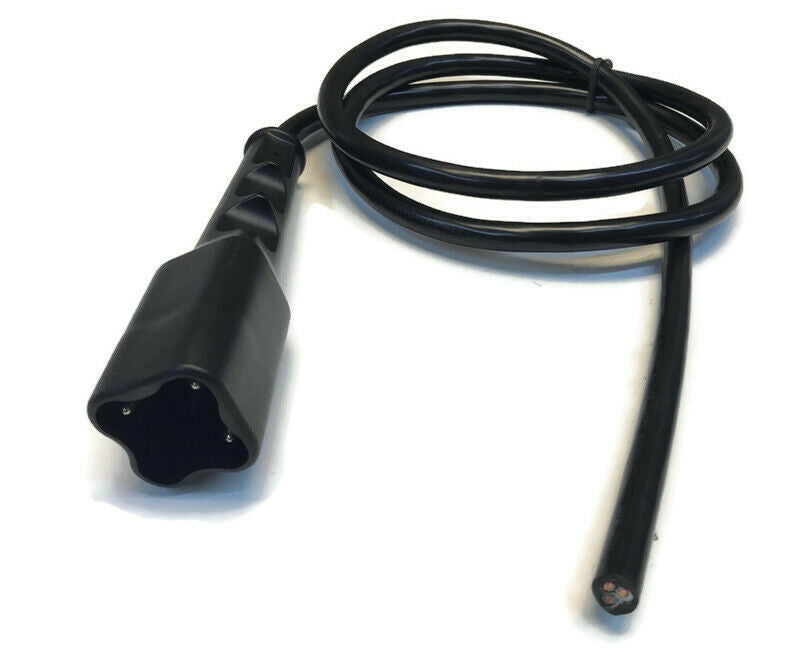 48V 3-Pin Charger Plug Connector & Cord Kit for Yamaha Golf Cart Years 2007 & Up
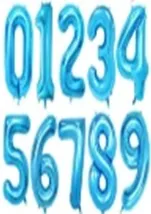 BALAO NUMERO 95cm AZUL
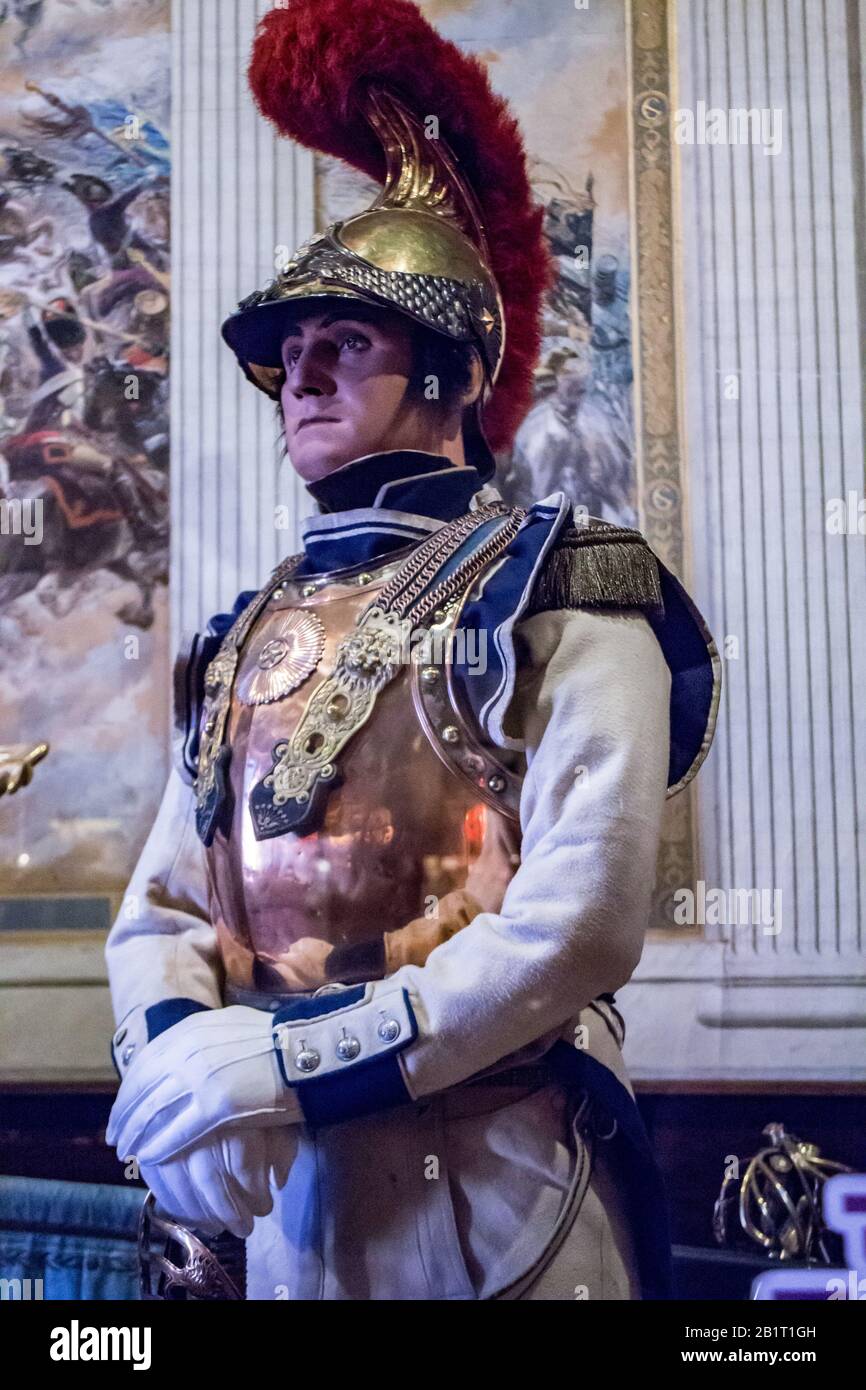 Musée de l'Emperi,Salon-de-Provence : Officier du 11ème Régiment de Cuirassiers (Fin 1er Impero) Foto Stock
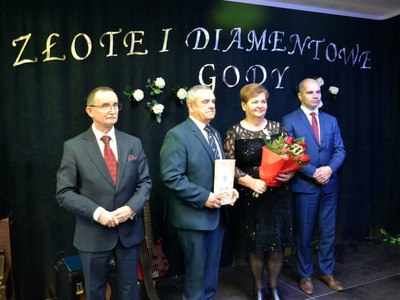 Zdjęcie z jubileuszów ślubnych w gminie Gościeradów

★ ★ ★ ★ ★

(Task prompt)
The result is an exact copy of the lines from the one holding "BALAO NUMERO 95cm AZUL" through the final line of the data above, both ends included, minus the pictures.

(Task result)
 BALAO NUMERO 95cm AZUL
 Musée de l'Emperi,Salon-de-Provence : Officier du 11ème Régiment de Cuirassiers (Fin 1er Impero) Foto Stock
 Zdjęcie z jubileuszów ślubnych w gminie Gościeradów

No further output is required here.